Interpretation of coin toss: odds of getting a tail in two coin flips

Question

Let's say someone asks me: What are the odds of getting a tail when a coin is flipped twice?

Assuming the coin is fair and tosses are independent, I see two ways of solving this problem:

1. If we tabulate the results, we know the possible outcomes are: TT, HT, TH and HH. Therefore, the probability of getting at least one tail is 0.75.

2. Using a more intuitive approach, when I flip a coin, the probability of getting a tail is 0.5, so I can expect to get a tail every 1/0.5 = 2 flips. So, if I flip 2 times, I expect 1 tail, so 100%.

I know right answer is 75%, but I can't find a way to properly explain why solution 2 is incorrect. Maybe there is a difference in interpretation?

Answer 1

These are answers to different questions.

$75\%$ or $0.75$ is the answer to the question "What is the probability of at least one Tail when tossing a fair coin twice". You might calculate it from your equally likely TT, HT, TH and HH outcomes using an indicator variable as $$\frac14 \times 1 + \frac14 \times 1 + \frac14 \times 1 + \frac14 \times 0 =\frac34.$$

$1$ is the answer to the question "What is the expected total number of Tails when tossing a fair coin twice". You might calculate it from your equally likely TT, HT, TH and HH outcomes using a counting variable as $$\frac14 \times 2 + \frac14 \times 1 + \frac14 \times 1 + \frac14 \times 0 =1.$$

Answer 2

Let $T_1$ and $T_2$ denote the respective events that each of the tosses come up tails.

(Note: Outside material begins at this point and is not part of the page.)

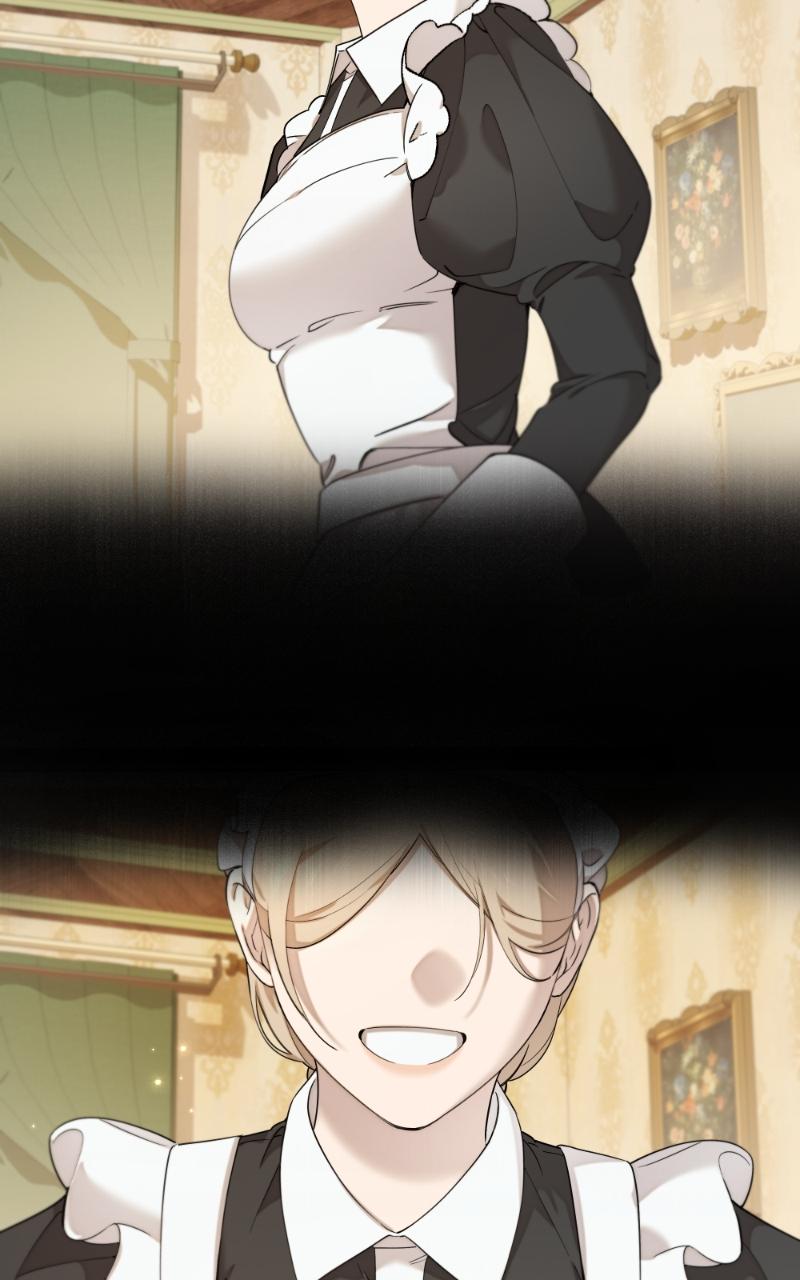 Mr. Delivery Knight Chap 3 - Next Chap 4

The second statement is effectively asserting that:

$$\mathbb{P}(T_1 \cup T_2) = \mathbb{P}(T_1) + \mathbb{P}(T_2) \quad \quad \quad \quad \quad \text{(Erroneous)}$$

or that:

$$\mathbb{P}(T_1 \cup T_2) = \frac{\mathbb{E}(T_1 + T_2)}{2} \quad \quad \quad \quad \quad \quad \text{(Erroneous)}$$

The correct rule is the addition rule of probability:

$$\mathbb{P}(T_1 \cup T_2) = \mathbb{P}(T_1) + \mathbb{P}(T_2) - \mathbb{P}(T_1 \cap T_2).$$

Answer 3

The term "expectation" in statistics means the probability-weighted average over the whole possibility space. It does not mean "the result that will happen with 100% probability". For instance, if you roll a die, the expected value is 3.5, even though the probability of a single die having a value of 3.5 is zero. Going from "the expected number of tails is 1" to "The probability of getting a tail is 100%" is a complete non sequitur.

Answer 4

In addition to the good answers already given, there is in this situation a simple trick you can use to compute directly the probability.

Solve the inverse problem - what is the probability of not getting any tails? This is $$P_1 = 0.5$$ for the first throw and $$P_2 = 0.5$$ for the second throw, therefore this event has the probability of $$P = P_1*P_2 = 0.5*0.5 = 0.25$$

Since $P$ is the probability of not getting tails, the probability of getting at least one tail is $$Q = 1-P = 0.75$$ as in your first case.